This is a final exam question in my algorithms class:
$k$ is a taxicab number if $k = a^3+b^3=c^3+d^3$, $a,b,c,d$ are distinct positive integers. Find all taxicab number $k$ such that $a,b,c,d < n$ in $O(n)$ time.
I don't know if the problem had a typo or not, because $O(n^3)$ seems more reasonable. The best I can come up with is $O(n^2 \log n)$, and that's the best anyone I know can come up with.
The $O(n^2 \log n)$ algorithm:
Try all possible $a^3+b^3=k$ pairs, for each $k$, store $(k,1)$ into a binary tree(indexed by $k$) if $(k,i)$ doesn't exist, if $(k,i)$ exists, replace $(k,i)$ with $(k,i+1)$
Transverse the binary tree, output all $(k,i)$ where $i\geq 2$
Are there any faster methods?
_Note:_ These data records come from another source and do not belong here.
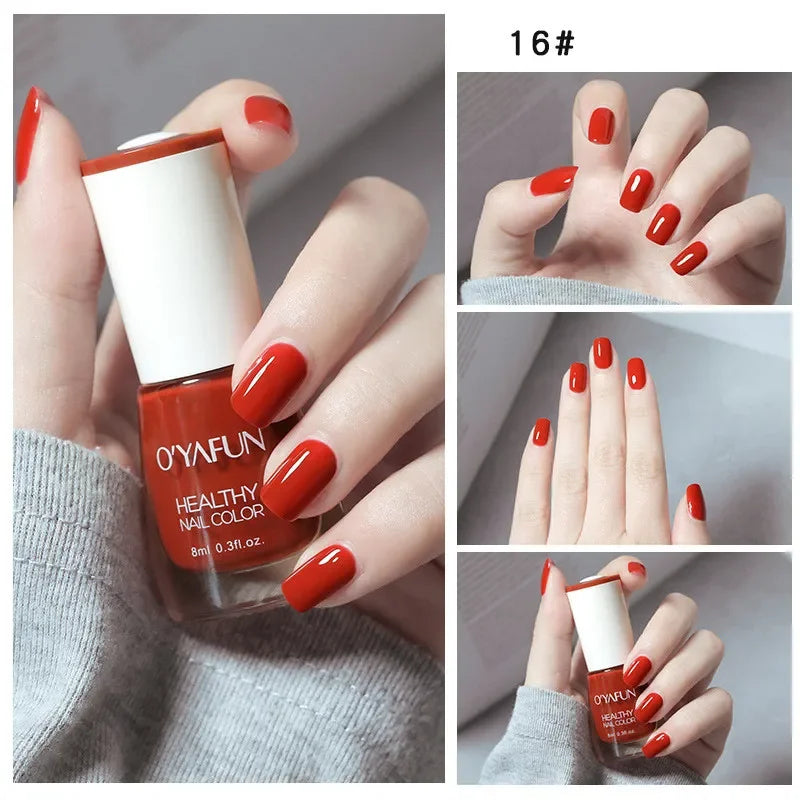 Matte Waterproof No-bake Nail Polish Nail Art Tearable Quick Dry Normal Without Lamp Nail Polish Glitter Sequins UV Varnish
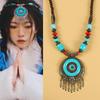 Xizang Retro Fringed Headdress, Forehead, Bohemian Collarbone Necklace, Pendant, Travel Photo Hair Jewelry, Women
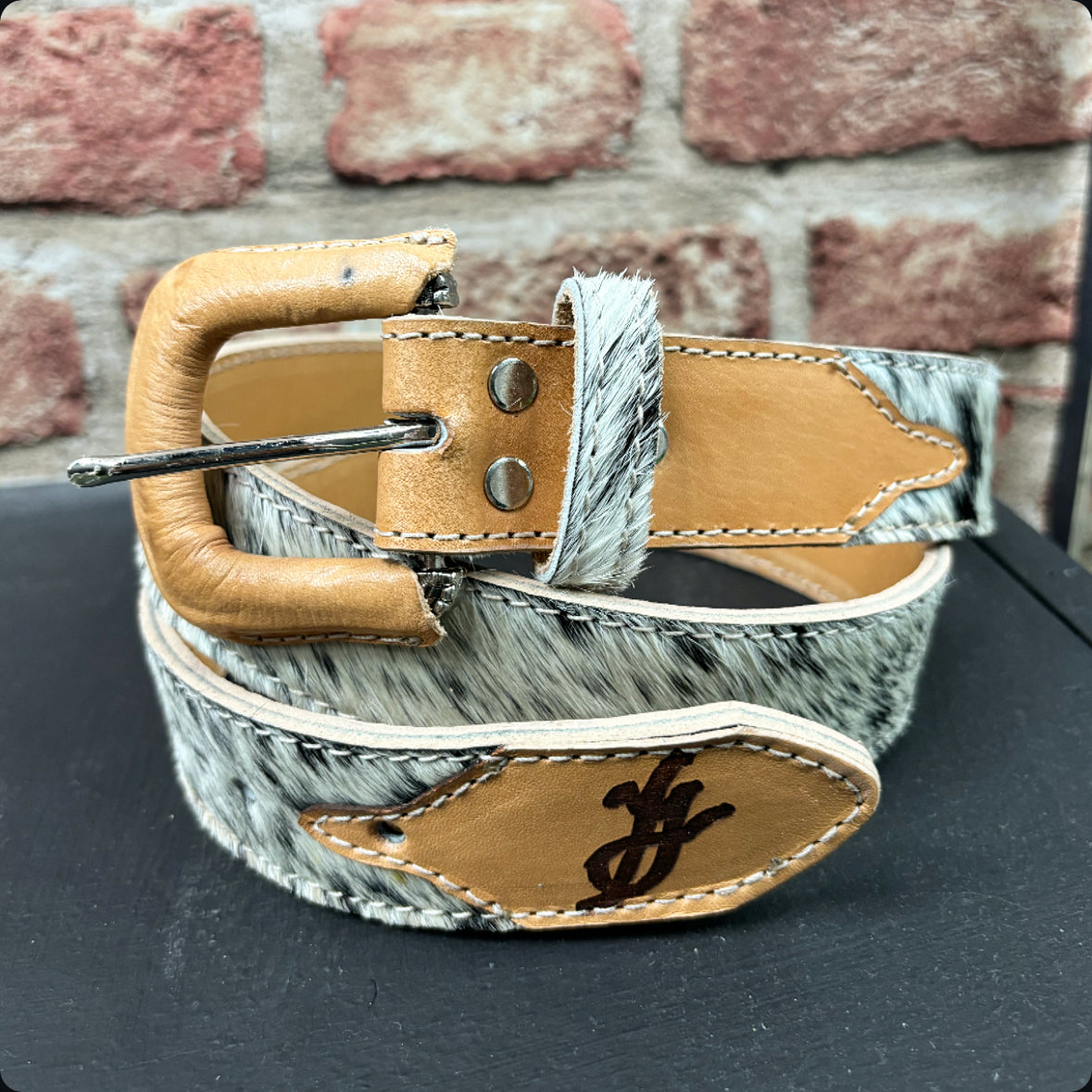 barnyard leather belt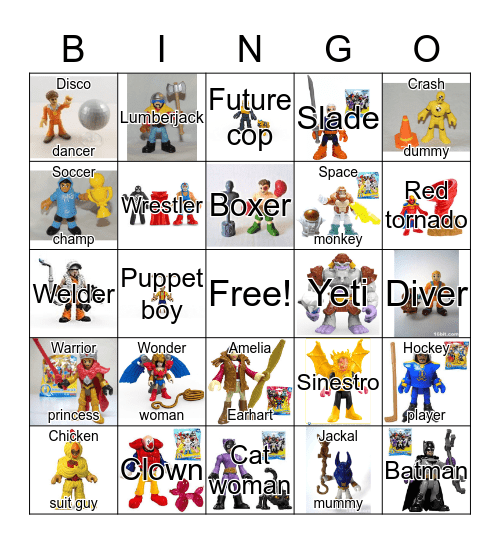imaginext Bingo Card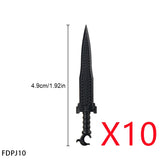 Medieval Weapons Building Block Set – Knight Accessories for DIY Scenes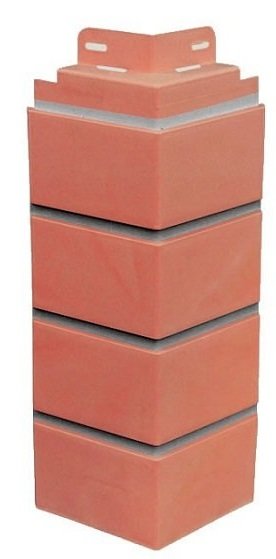 Угол к фасадной панели SteinDorf Кирпич красный с прокрашенными швами купить в Каменск-Шахтинском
This should be the best possible method without using any number theoretical result because the program might output $O(n^2)$ taxicab numbers.
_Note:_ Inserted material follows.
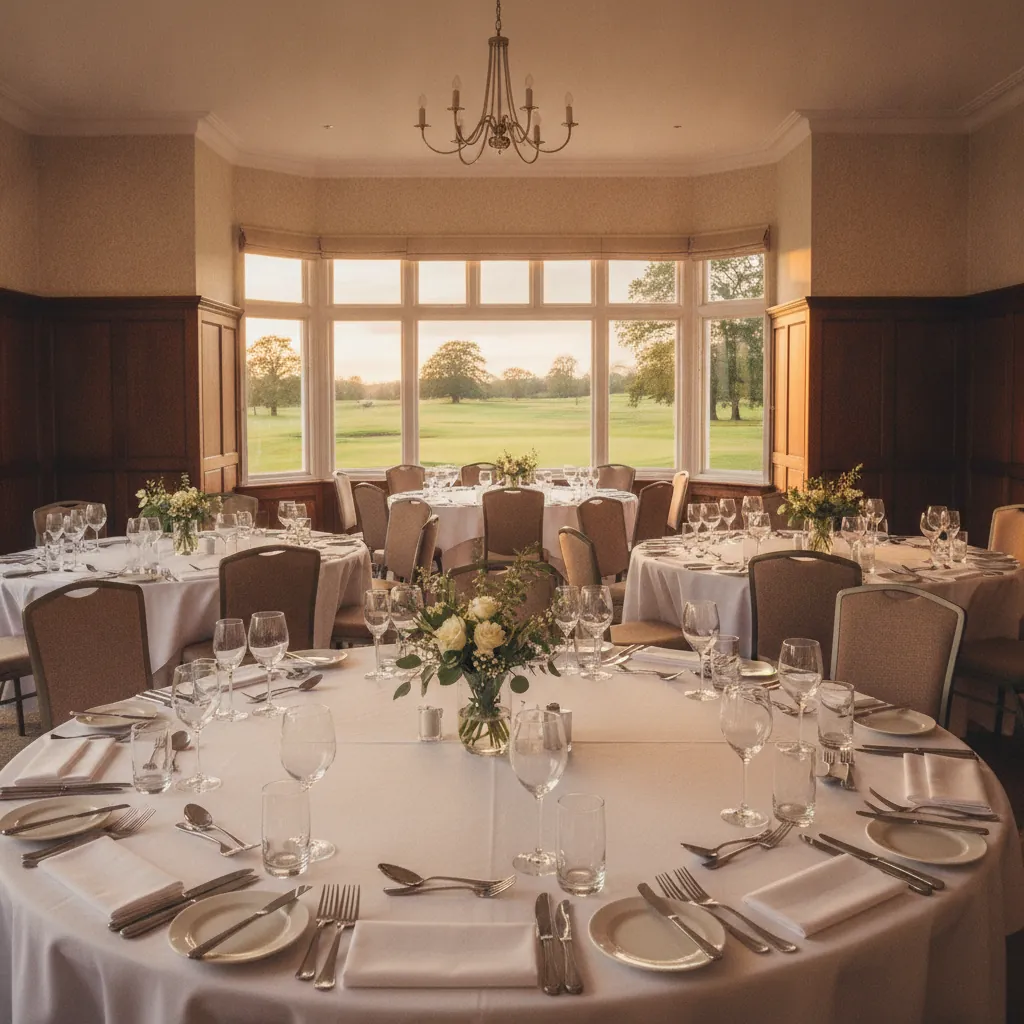 Function room set for dinner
Is $O(n)$ even possible? One have to prove there are only $O(n)$ taxicab numbers lesser than $2n^3$ in order to prove there exist a $O(n)$ algorithm.
Edit: The professor admit it was a typo, it should have been $O(n^3)$. I'm happy he made the typo, since the answer Tomer Vromen suggested is amazing.